──────── DATASET EXCERPTS ────────

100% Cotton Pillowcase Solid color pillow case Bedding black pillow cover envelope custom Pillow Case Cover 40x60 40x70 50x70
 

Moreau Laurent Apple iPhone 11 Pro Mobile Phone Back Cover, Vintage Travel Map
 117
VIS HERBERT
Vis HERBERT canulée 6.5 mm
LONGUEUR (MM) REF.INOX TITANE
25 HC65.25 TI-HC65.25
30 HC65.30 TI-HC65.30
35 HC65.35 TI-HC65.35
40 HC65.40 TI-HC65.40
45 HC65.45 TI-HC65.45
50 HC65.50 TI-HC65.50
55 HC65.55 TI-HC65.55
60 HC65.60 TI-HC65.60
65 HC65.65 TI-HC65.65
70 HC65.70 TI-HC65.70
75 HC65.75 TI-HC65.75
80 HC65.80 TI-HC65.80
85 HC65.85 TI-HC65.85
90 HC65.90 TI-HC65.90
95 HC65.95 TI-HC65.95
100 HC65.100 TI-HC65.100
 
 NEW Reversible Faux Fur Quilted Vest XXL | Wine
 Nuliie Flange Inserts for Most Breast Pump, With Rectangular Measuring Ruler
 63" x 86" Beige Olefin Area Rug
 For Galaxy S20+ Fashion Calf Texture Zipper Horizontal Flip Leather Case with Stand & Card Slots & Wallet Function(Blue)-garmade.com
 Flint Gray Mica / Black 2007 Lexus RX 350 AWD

────────

= WORK INSTRUCTION =
Each line of the data is to be retyped exactly as shown.

= ANSWER AREA =
100% Cotton Pillowcase Solid color pillow case Bedding black pillow cover envelope custom Pillow Case Cover 40x60 40x70 50x70
 

Moreau Laurent Apple iPhone 11 Pro Mobile Phone Back Cover, Vintage Travel Map
 117
VIS HERBERT
Vis HERBERT canulée 6.5 mm
LONGUEUR (MM) REF.INOX TITANE
25 HC65.25 TI-HC65.25
30 HC65.30 TI-HC65.30
35 HC65.35 TI-HC65.35
40 HC65.40 TI-HC65.40
45 HC65.45 TI-HC65.45
50 HC65.50 TI-HC65.50
55 HC65.55 TI-HC65.55
60 HC65.60 TI-HC65.60
65 HC65.65 TI-HC65.65
70 HC65.70 TI-HC65.70
75 HC65.75 TI-HC65.75
80 HC65.80 TI-HC65.80
85 HC65.85 TI-HC65.85
90 HC65.90 TI-HC65.90
95 HC65.95 TI-HC65.95
100 HC65.100 TI-HC65.100
 
 NEW Reversible Faux Fur Quilted Vest XXL | Wine
 Nuliie Flange Inserts for Most Breast Pump, With Rectangular Measuring Ruler
 63" x 86" Beige Olefin Area Rug
 For Galaxy S20+ Fashion Calf Texture Zipper Horizontal Flip Leather Case with Stand & Card Slots & Wallet Function(Blue)-garmade.com
 Flint Gray Mica / Black 2007 Lexus RX 350 AWD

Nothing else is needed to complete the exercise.